**Work request**:
Word for word, return the lines below from the first through the line that has "Hello guys, welcome", dropping the pictures.
##### Data supplied #####
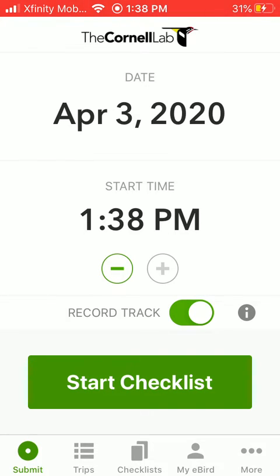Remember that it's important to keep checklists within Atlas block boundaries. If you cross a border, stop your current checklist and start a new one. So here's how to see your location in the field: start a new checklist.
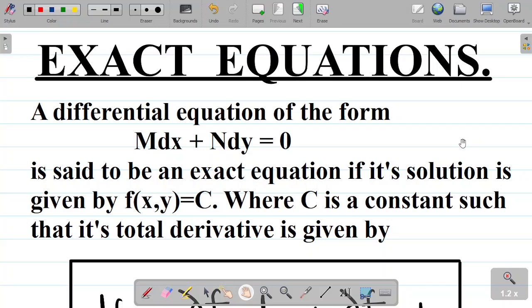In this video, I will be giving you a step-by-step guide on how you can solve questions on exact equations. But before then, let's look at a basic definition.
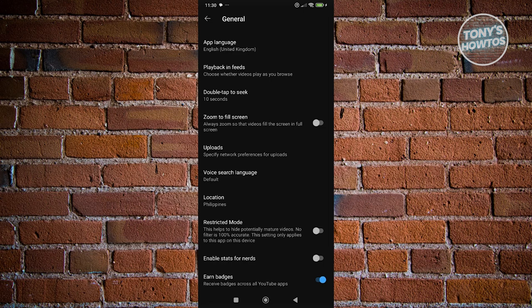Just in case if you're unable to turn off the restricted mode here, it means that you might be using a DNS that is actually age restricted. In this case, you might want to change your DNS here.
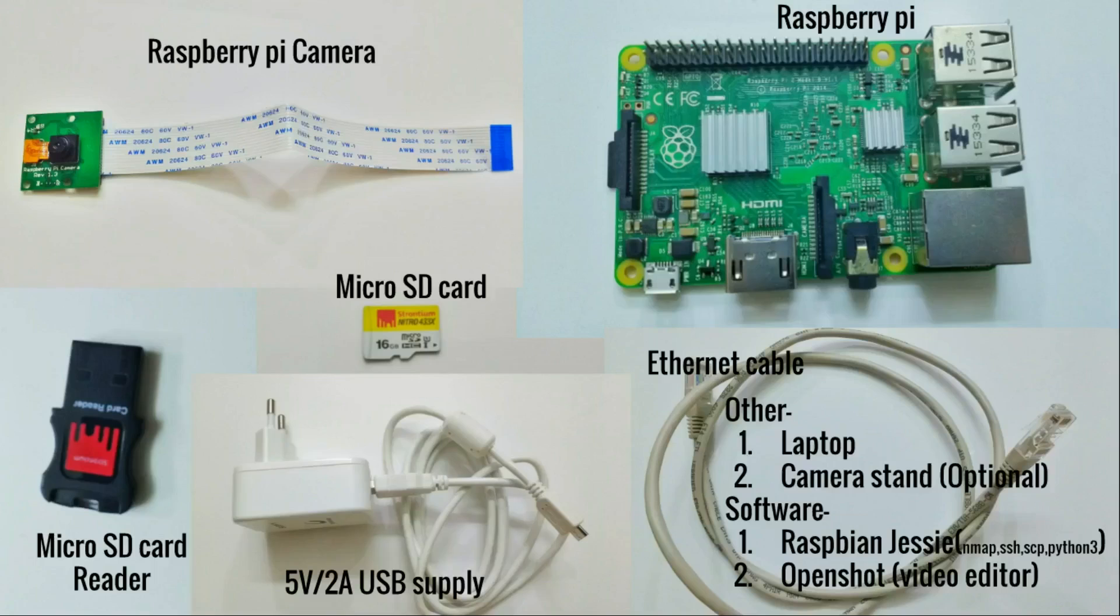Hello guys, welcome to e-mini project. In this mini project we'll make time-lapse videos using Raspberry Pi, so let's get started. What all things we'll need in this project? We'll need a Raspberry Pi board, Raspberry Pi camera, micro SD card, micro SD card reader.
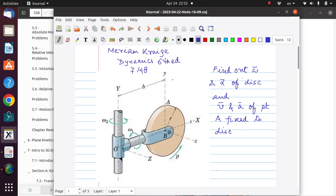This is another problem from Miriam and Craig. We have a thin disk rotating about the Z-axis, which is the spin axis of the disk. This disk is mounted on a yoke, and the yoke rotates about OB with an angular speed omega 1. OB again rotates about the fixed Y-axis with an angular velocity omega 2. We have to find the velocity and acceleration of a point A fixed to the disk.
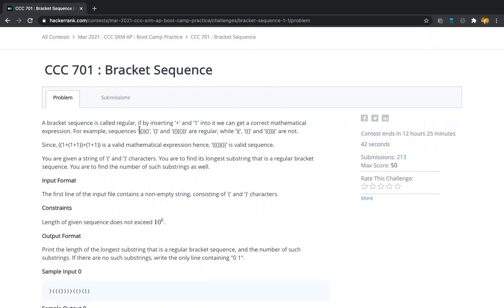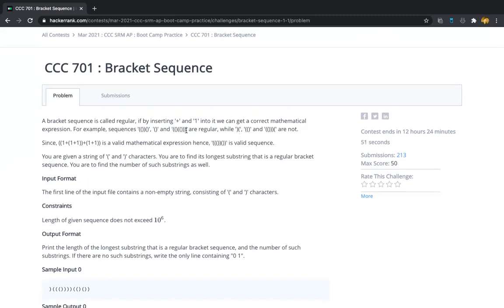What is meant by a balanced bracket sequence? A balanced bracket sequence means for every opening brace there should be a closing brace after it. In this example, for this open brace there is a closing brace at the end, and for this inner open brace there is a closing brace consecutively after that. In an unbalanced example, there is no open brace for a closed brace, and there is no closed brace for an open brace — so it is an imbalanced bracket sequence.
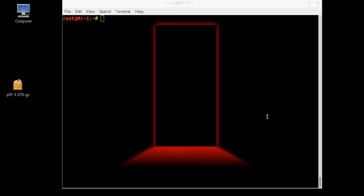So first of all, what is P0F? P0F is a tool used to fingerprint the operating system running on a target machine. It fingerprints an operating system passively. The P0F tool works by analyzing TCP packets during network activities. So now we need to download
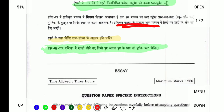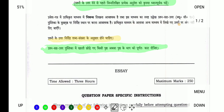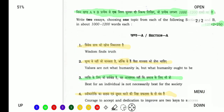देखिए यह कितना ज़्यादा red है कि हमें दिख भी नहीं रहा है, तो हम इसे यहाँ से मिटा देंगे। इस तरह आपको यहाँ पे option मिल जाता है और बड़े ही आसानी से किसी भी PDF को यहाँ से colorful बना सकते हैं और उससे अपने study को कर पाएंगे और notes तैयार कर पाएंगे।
#####
**Solved exercise**:
Remember that it's important to keep checklists within Atlas block boundaries. If you cross a border, stop your current checklist and start a new one. So here's how to see your location in the field: start a new checklist.
In this video, I will be giving you a step-by-step guide on how you can solve questions on exact equations. But before then, let's look at a basic definition.
Just in case if you're unable to turn off the restricted mode here, it means that you might be using a DNS that is actually age restricted. In this case, you might want to change your DNS here.
Hello guys, welcome to e-mini project. In this mini project we'll make time-lapse videos using Raspberry Pi, so let's get started. What all things we'll need in this project? We'll need a Raspberry Pi board, Raspberry Pi camera, micro SD card, micro SD card reader.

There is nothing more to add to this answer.